I grumbled to myself as I returned to the mirror of my vanity and finished touching everything up. Really, I hadn’t done much. I swear.

A glance at the alarm clock on my nightstand told me I needed to get moving, and minutes later I was down the old, slanting hall of our little farmhouse, and through the door onto the rickety porch that never would have passed an inspection inside a city.

The ramshackle place we lived in was just that: ramshackle. It wouldn’t win any awards for beauty, but it might get one for bare functionality. The kind of building that more or less kept you dry, tried to seal in the cool air while the window units were blowing, and kept the sun off your back. No more, no less.

Outside, the pine trees encroached around the building, their spiny limbs pressing in like an oppressive force. The air was heavy with the dust that Veronica’s old Toyota Celica had kicked up upon her leaving, despite the cool temperature, and the stars seemed to shine through with a weird corona around them.

I headed over to my old Toyota Corolla, gravel crunching beneath the heels of my boots, and climbed behind the wheel. I stuck the keys in the ignition, turned over the engine till it rumbled to reliable life, and flicked my lights on.

I gasped sharply and recoiled in my seat for a moment.

Seemingly a hundred topaz, emerald, amber, and ruby jewels reflected back at me from the darkness beyond the house, a colony of wild creatures all camped out on the far side of the building. They were all over the yard, up in the tree that sat on the far side of the building, and all along the old barbed wire fence Tad had told us over and over again he was going to replace. They were on the little picnic table I sometimes ate my breakfast at, even sitting in the decrepit tire swing hanging from another tree halfway between here and where and the pasture began.

In short, they were everywhere. A constellation of staring eyes, all the colors of the rainbow, and some I’d never imagined seeing in nature.

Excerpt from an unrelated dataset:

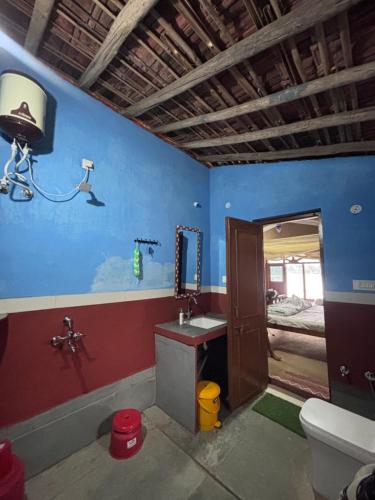 MaheshwarにあるKirti kewat Homestayのバスルーム(洗面台、トイレ付)、ベッド1台が備わります。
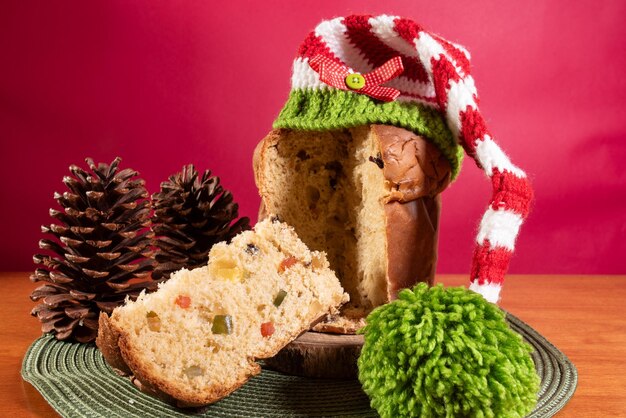 Foto panettone com chapéu de papai noel em mesa de madeira e fundo vermelho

It was like all the lights in the nighttime sky had suddenly descended on our little farmhouse. And, somehow, I knew, just knew, they were all looking at me. Watching me.

My hand shaking, I reached down to the gearshift and put my Corolla in reverse. Turning around to the watch the road behind me, I backed out carefully, turned around, and headed down the gravel road to the gate.

But, even as I drove, I could feel those glowing, gem-like eyes boring into the back of my head.

Whatever was going on, things were getting weird. Real weird. And, as much as I wanted to know the truth that lay just behind the veil, I wasn’t sure how much more I could handle.